Two general treatment protocols have been developed utilizing IVIG. The first is the use of high dose IVIG (2 gm/kg) alone and the second is to combine lower dose IVIG with other modalities, usually plasmapheresis (PP). High dose IVIG with methylprednisolone was reported for treating AMR in 1998 by Jordan et al[38]. Subsequently IVIG was tested prior to transplant in order to inhibit cross match positivity in kidney recipients. The Cedars-Sinai group performed in vitro IVIG assays to determine if crossmatch positivity could be inhibited. Those patients with a negative inhibition cross match received 2 g/kg of IVIG followed by kidney transplantation. Graft survival was 89.1% at 24 months[39]. In a randomized multicenter placebo-controlled trial conducted by the NIH (the NIH G02 study) in highly sensitized patients, 4 monthly infusions of IVIG significantly lowered anti-HLA antibody levels and improved rates of transplantation compared to placebo (35% vs. 17%, P=0.02) in patients with a PRA>50%. Projected waiting time on the IVIG group was 4.8 years and 10.3 years for placebo. The reduction in PRA was transient and moderate. Acute rejection episodes were more common in the IVIG group, but 3 year allograft survival rates were similar between IVIG and placebo[7].
Due to the length of isolated IVIG treatment, and in order to improve effectiveness, the Cedars-Sinai group conducted an open label phase 1-2 single-center study examining whether the addition of rituximab to IVIG was effective in reducing anti-HLA antibodies. 2 doses of IVIG (2 g/kg) and 2 doses of rituximab (1 g) were given prior to transplant. The protocol proved efficacious in reducing mean PRA compared to pretreatment level (P<0.001) and appeared to reduce the waiting time for transplant. With short term follow-up the mean graft survival was 94%[5].

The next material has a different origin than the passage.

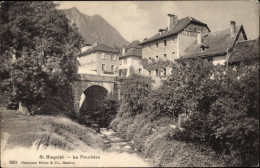 CPA Saint Gingolph Kanton Wallis Schweiz, La Frontiere - Saint-Gingolph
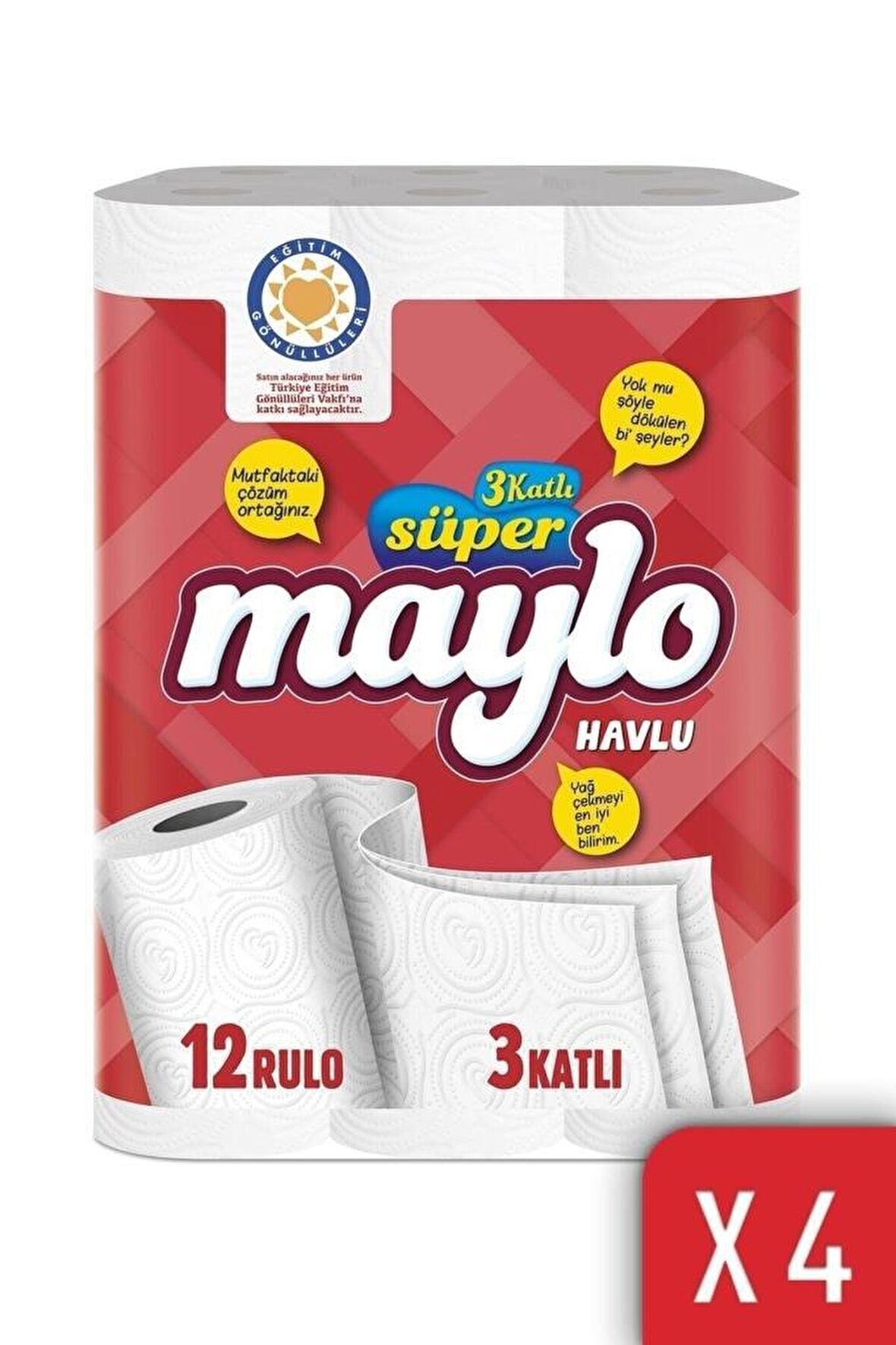 Maylo 3 Katlı Kağıt Havlu 12'li 4'lü Paket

Low dose IVIG (100mg/kg) in combination with PP represents an alternative to desensitize individuals with alloantibody prior to transplant as well as treat AMR. A small retrospective study compared combined therapy with PP, IVIG, and rituximab to high dose IVIG alone for AMR. After 36 months, the graft survival for the combined therapy group was 91.7% compared to 50% in the monotherapy group[40]. Other groups have reported successful desensitization outcomes with a variety of combined IVIG and PP protocols in the setting of HLA and anti-agglutinin antibodies [41] [6] [11] [42].
In general, high doses of IVIG are relatively safe. However, serious side effects have been reported including acute renal dysfunction likely related to high osmotic load, thrombotic events with rapid infusions, and aseptic meningitis[43]. Slowing the infusion rate and using iso-osmolar preparations may reduce the risk of side effects[44]. IVIG has the potential benefit of replacing antibodies lost during PP.
Plasmapheresis
The goal of plasmapheresis is to remove DSA from the circulation. PP is utilized in desensitization protocols and for the treatment of AMR following transplant. It is the fastest method to decrease DSA. There are several different modalities: plasma exchange, double filtration plasmapheresis, and immunoadsorption plasmapheresis. Plasma exchange is the most frequent modality applied in the United States and generally involves 1.0-1.5 volume exchange, using albumin as replacement. Immunoadsorption is a more selective modality that uses adsorbent membranes for antibody elimination. When utilized for desensitization, the clinician usually aims to decrease DSA below a threshold before transplant. After transplant, PP is often continued for a variable period of time.
Often PP is used in combination with other antibody blocking (IVIG), suppression (rituximab, mycophenolate, calcineurin inhibitors), or depleting (bortezomib) modalities, as antibody levels have a tendency to rebound if PP therapy is performed in isolation[45]. Few studies have been published where PP modalities are the sole or primary form of antibody reducing therapy[46, 47]
The Johns Hopkins’ desensitization protocol consist of every other day PP followed by 100 mg/kg IVIG after each PP session (Figure 2)[48]. The objective is to decrease DSA or iso-agglutinin titers to a pre-specified level prior to transplant. The number of pre-transplant PP/IVIG sessions depends on the starting titer. Patients are started on tacrolimus and MMF at the time PP/IVIG is initiated. PP/IVIG is continued post transplant, with the number of treatments governed by antibody levels and the clinical course[41, 48].
In a retrospective comparison of different desensitization strategies performed at the Mayo Clinic, Stegall et al noted that a negative preoperative crossmatch could be achieved in 85% of patients treated with a combination of PP, low dose IVIG, and rituximab compared to 36% treated with high does IVIG alone. The incidence of AMR was 80% in the IVIG only group, but 29-37% in the groups treated with three agents[49].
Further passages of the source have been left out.